Altman takes an unconventional tack when scoring Thieves Like Us. There is very little music used in the film, and when we do hear a song, it's part of the scene, piped in over a radio the characters are listening to. Most of the time, though, the radios are tuned to dramatic programs. These shows act as commentary, sometimes ironically (Gangbusters talks about the criminals being taken down by law enforcement while the boys get away with the loot), sometimes more subtle (The Shadow seeks the evil in the hearts of men as Chicamaw drinks his way into his first rampage). The exaggerated, overly dramatized stories are in direct contrast to the underplayed onscreen crimes. While these audio tales are set in a cut-and-dried world, the circumstances that compel the men to rob banks make their motivations more complicated. Altman's final audio cue says it all: it's a vaguely socialist sermon on the struggles of the poor.

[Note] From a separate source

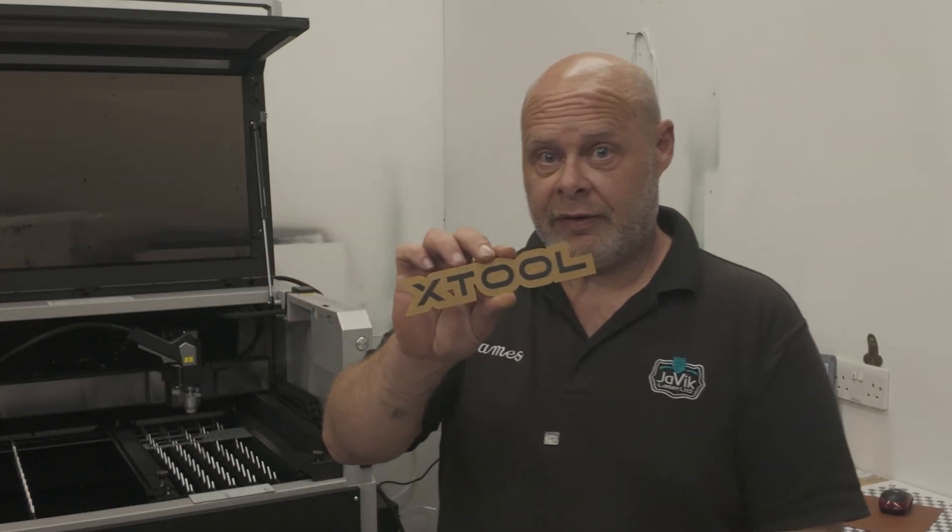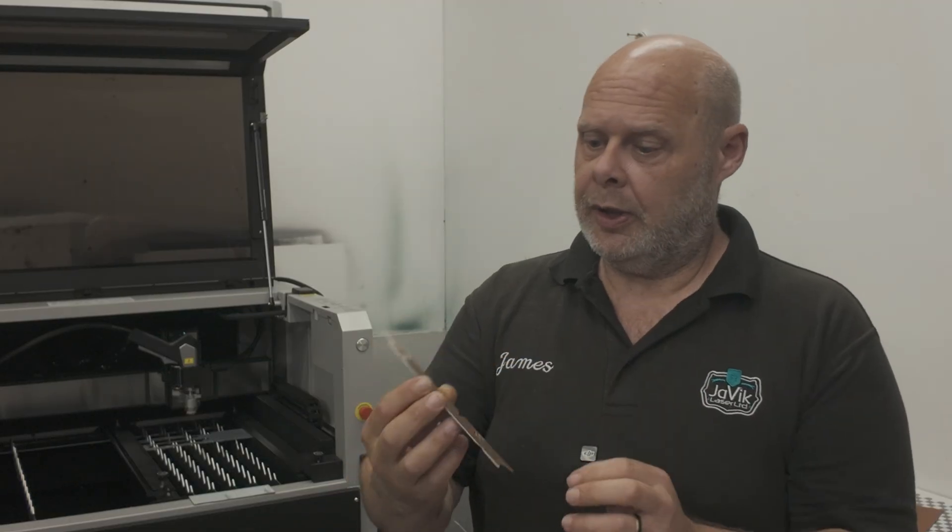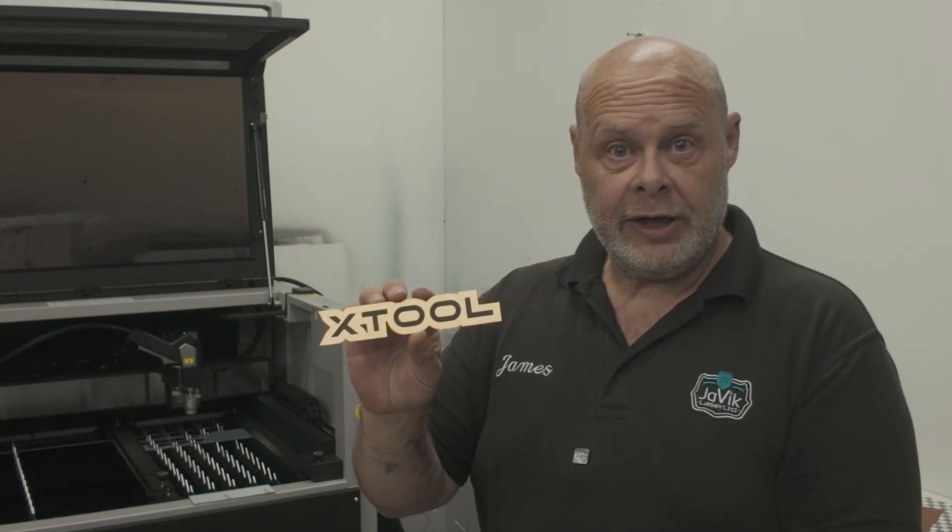And if you're wondering what the material is, it's called Alumark and it's a thin aluminium. It's coated and when you laser engrave it, it laser engraves it black. Really good for plaques.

Even so, Altman isn't excusing anybody. The fates of all three robbers show the price for the wages of sin. Just as their crimes occur offscreen, so do their exits. What happens to them is either reported after the fact, or in the case of the climax, seen from the sidelines. Violence does erupt, but it is over just as quickly as it comes, and the results are final. It's Bowie's fatalism catching up with him. If he only has one choice for what he'll be, then there is only one choice for how he'll go out. Thieves Like Us is graceful in its depiction of this outcome. By staying true to his commitment to realism, Robert Altman stays away from any moralizing. He has faith in the force of his characters, ensuring that any greater lesson the audience walks away with is equal in power to their sentimental connection with the characters--and like with any great crime film, those two things, the intellectual and emotional, are often in opposition to one another. It's one of the classic dance partnerships of American cinema, speaking directly to the fabric of our mythology. The maverick element, as well as the heavy consequences of big risks, is pure Altman, the consummate maverick artist.